-- Problem statement --
Copy the data exactly. Images are the one exception.
----- Data block -----
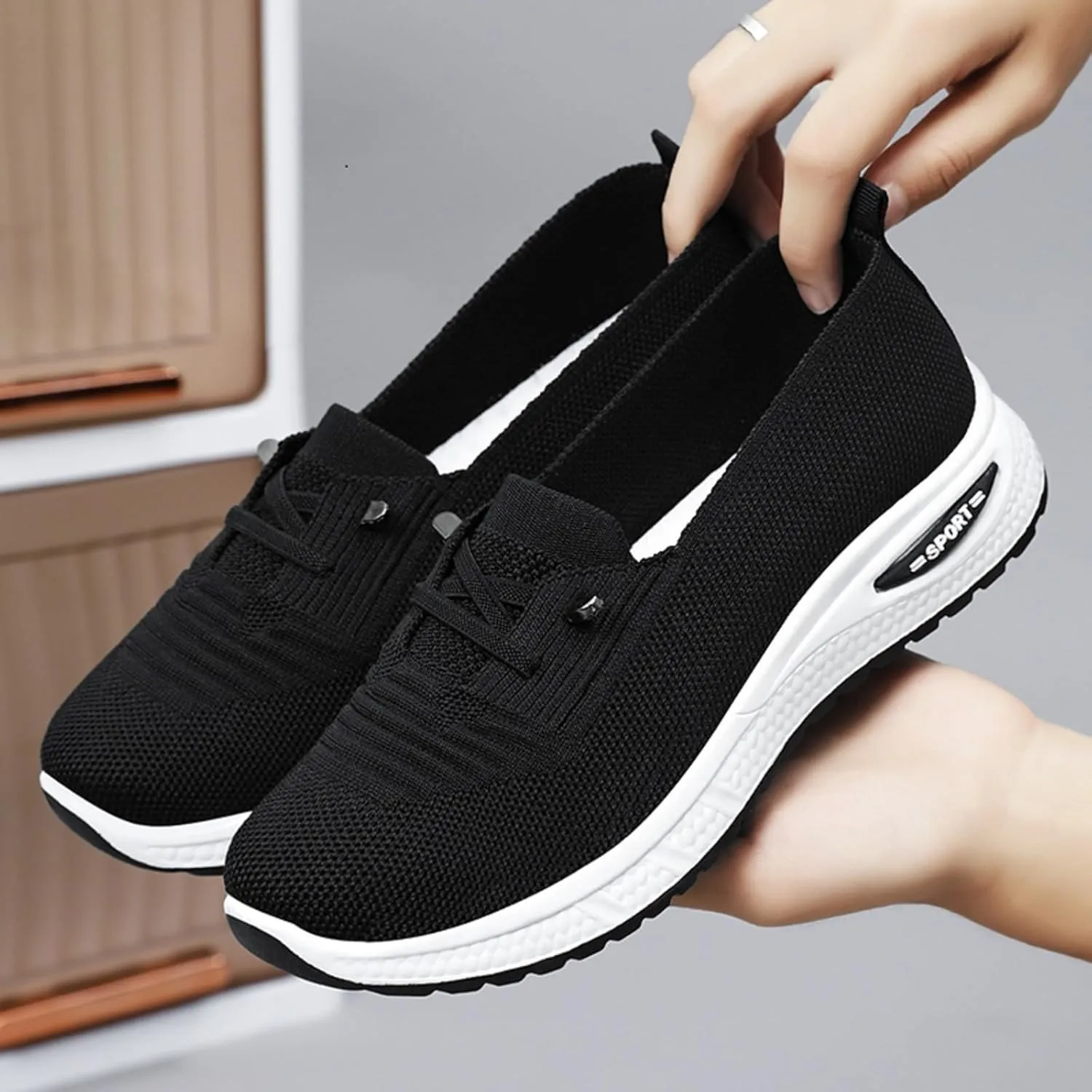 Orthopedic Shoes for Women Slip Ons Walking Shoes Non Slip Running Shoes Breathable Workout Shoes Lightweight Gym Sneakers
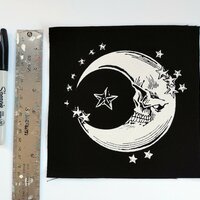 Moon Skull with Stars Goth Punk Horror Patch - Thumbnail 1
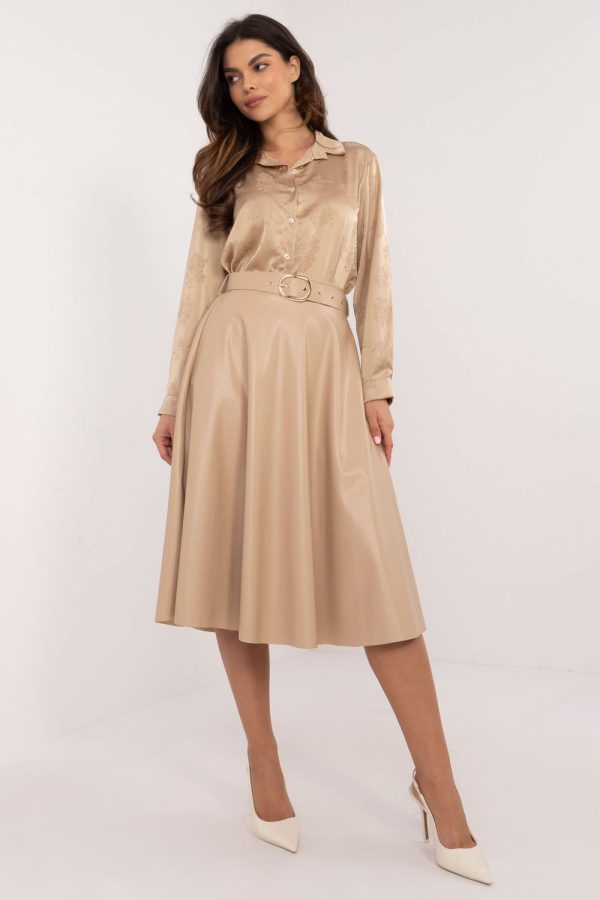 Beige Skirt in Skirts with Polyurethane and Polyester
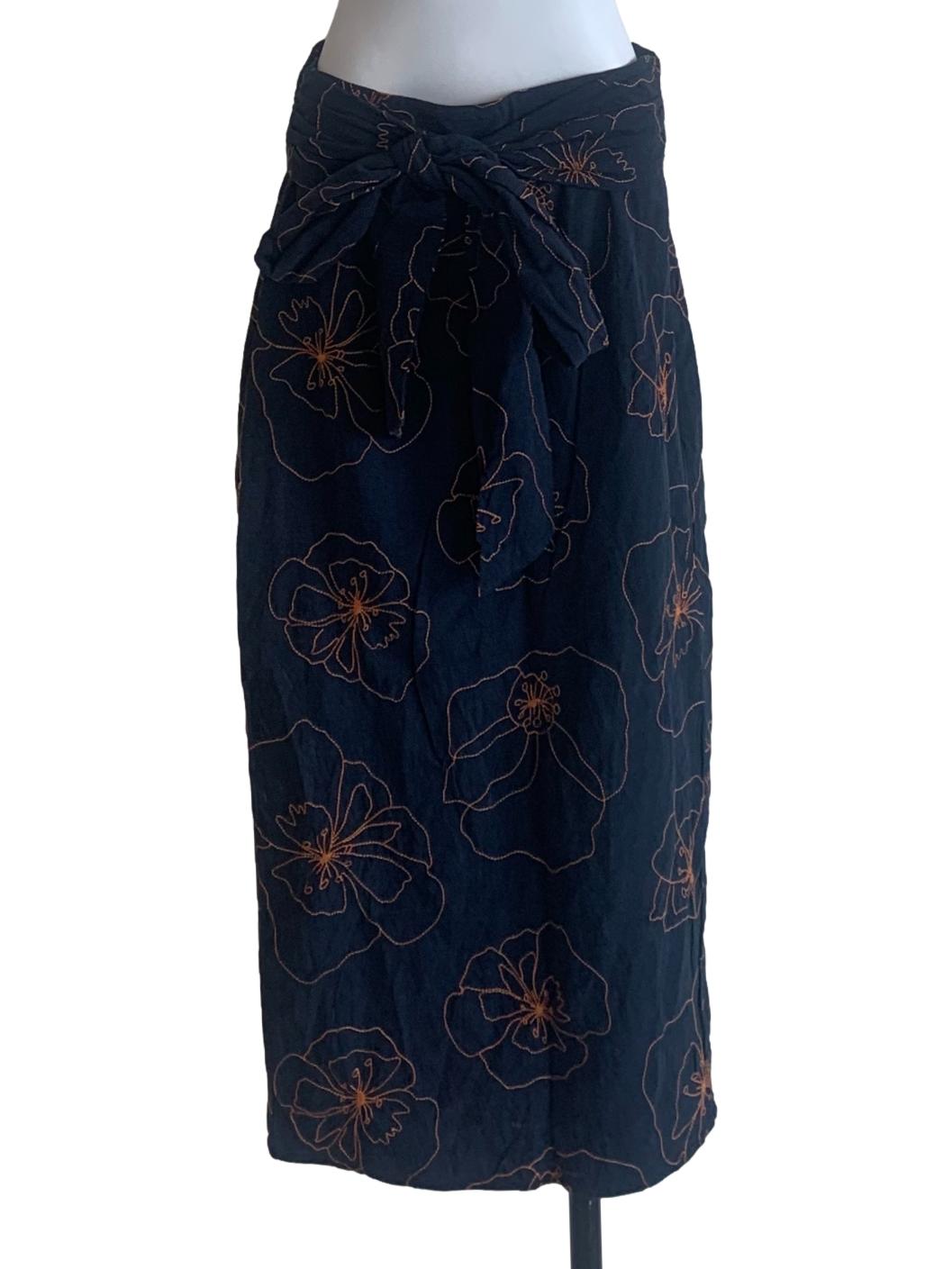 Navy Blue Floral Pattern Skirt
-----
-- Answer to this problem --
 Orthopedic Shoes for Women Slip Ons Walking Shoes Non Slip Running Shoes Breathable Workout Shoes Lightweight Gym Sneakers
 Moon Skull with Stars Goth Punk Horror Patch - Thumbnail 1
 Beige Skirt in Skirts with Polyurethane and Polyester
 Navy Blue Floral Pattern Skirt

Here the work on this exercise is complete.